Lula pretende atuar nas alíquotas de importação de determinados produtos, conforme afirmou Rui Costa após a reunião desta sexta-feira. “Os produtos que estejam com o preço interno maior do que o preço externo, nós atuaremos na redução de alíquota para forçar o preço a vir pelo menos para o patamar internacional. Não justifica nós estarmos com um preço acima do patamar internacional”, afirmou Rui Costa.

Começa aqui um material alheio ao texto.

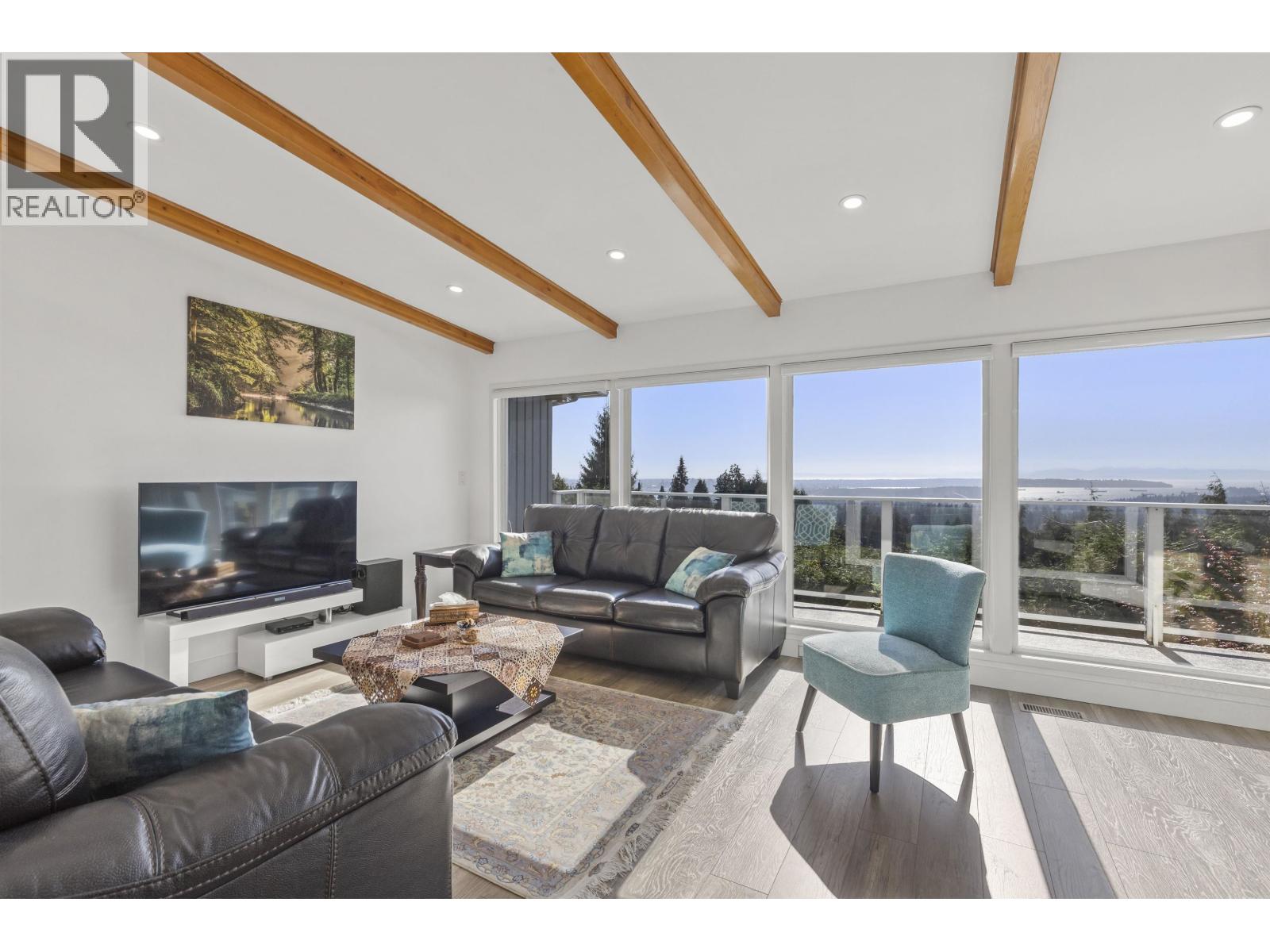 637 Alpine Court, North Vancouver, British Columbia  V7R 2L7 - Photo 8 - R3056813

Um ponto levantado por Cristina Helena é que a ampliação da demanda também ajuda a justificar a alta dos preços. Boa parte do aumento dos gastos públicos está ligada à ampliação de transferências de renda, como Bolsa Família e Benefício de Prestação Continuada (BPC), além do reajuste do salário mínimo acima da inflação.
“Você aumenta a procura sobre os alimentos e tem uma certa pressão sobre os preços”, avalia. A professora explica que, nesse caso, há um efeito de substituição maior, com as pessoas trocando alguns alimentos por outros.
Ações de longo prazo para estabilização dos preços
Para que a demanda não provoque aumento dos preços, é preciso elevar a oferta. Foi o que ocorreu em 2023, com safra recorde, mas não em 2024. Como mostrado acima, apesar da tendência de alta dos preços da carne e café, uma supersafra de grãos pode ajudar a desacelerar a inflação de outros produtos.
"Vamos ter uma grande safra, e o dólar entrou em trajetória de queda, ainda que possa ser impactado momentaneamente por especulações. Commodities como leite, café, carne e frutas serão diretamente beneficiadas", disse Haddad na quinta.
Cláudio Shikida defende que, da parte do governo, a melhor medida para conter a alta de preços é aumentar a competitividade e melhorar o ambiente de negócios do país, reduzindo os custos para todos os setores da economia. “Um ajuste fiscal baseado em corte de gastos, junto à abertura econômica e esforços para melhorar o ambiente de negócios. Esse é o caminho no longo prazo”, defende.
Ele é reticente em relação a medidas que possam trazer impactos imediatos. “Não existem soluções mágicas. As medidas que mencionei podem ser implementadas aos poucos, com transparência e clareza de objetivos. É assim em uma democracia funcional. Ou deveria ser”, concluiu.
Allan Augusto, da Mackenzie, observa que os jovens estudantes de economia aprendem logo no início o que este governo insiste em ignorar: "As forças de mercado não se dobram ao voluntarismo político. E, como a história já mostrou tantas vezes, desafiar essa realidade não resulta em progresso, mas em retrocesso”.